→ **Provided material**
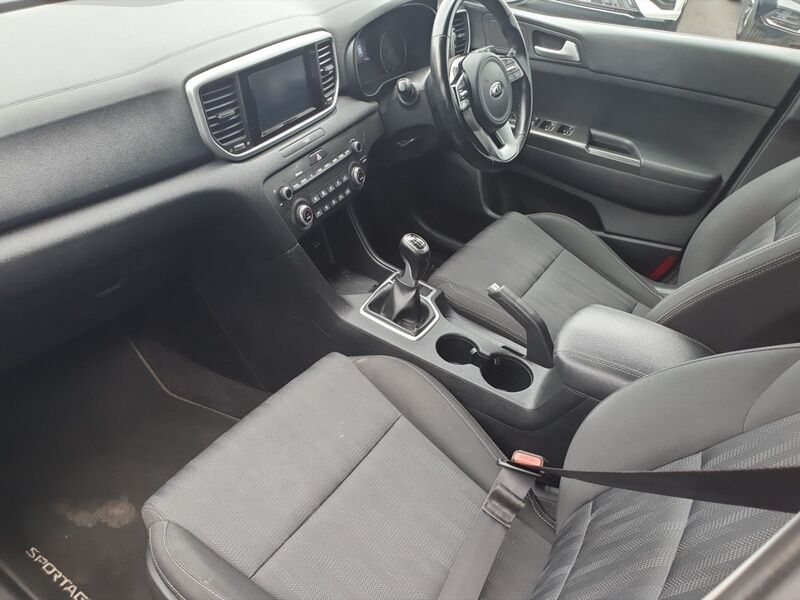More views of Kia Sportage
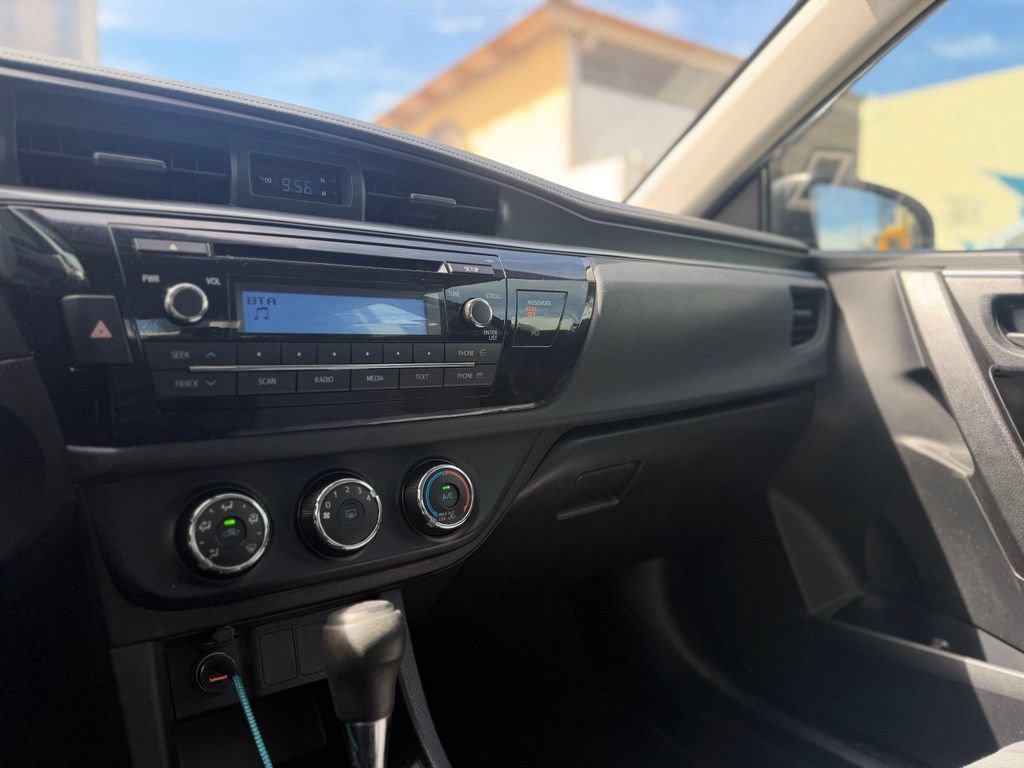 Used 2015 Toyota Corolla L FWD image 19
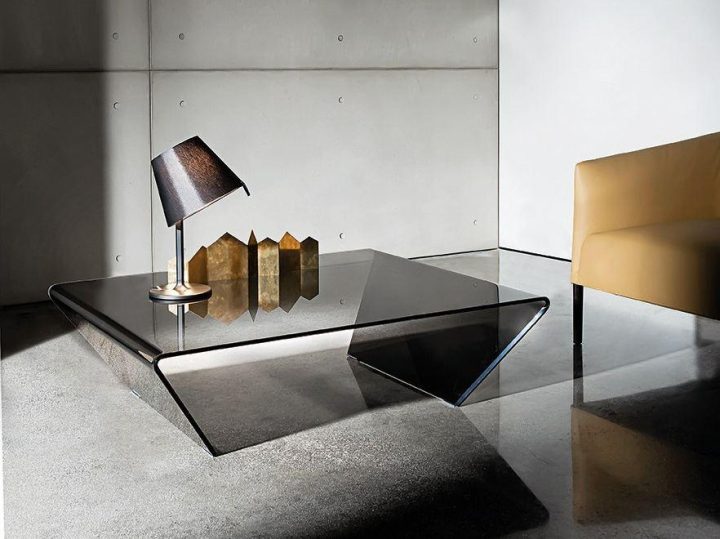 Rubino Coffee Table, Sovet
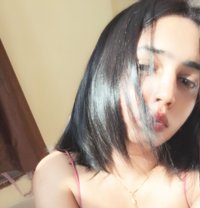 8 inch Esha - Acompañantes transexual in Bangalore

→ **Exercise aim**
In your answer, copy exactly the lines running from the line with "Used 2015 Toyota Corolla L FWD image 19" to the end of the material above, both included, and omit all pictures.

→ **Answer section**
 Used 2015 Toyota Corolla L FWD image 19
 Rubino Coffee Table, Sovet
 8 inch Esha - Acompañantes transexual in Bangalore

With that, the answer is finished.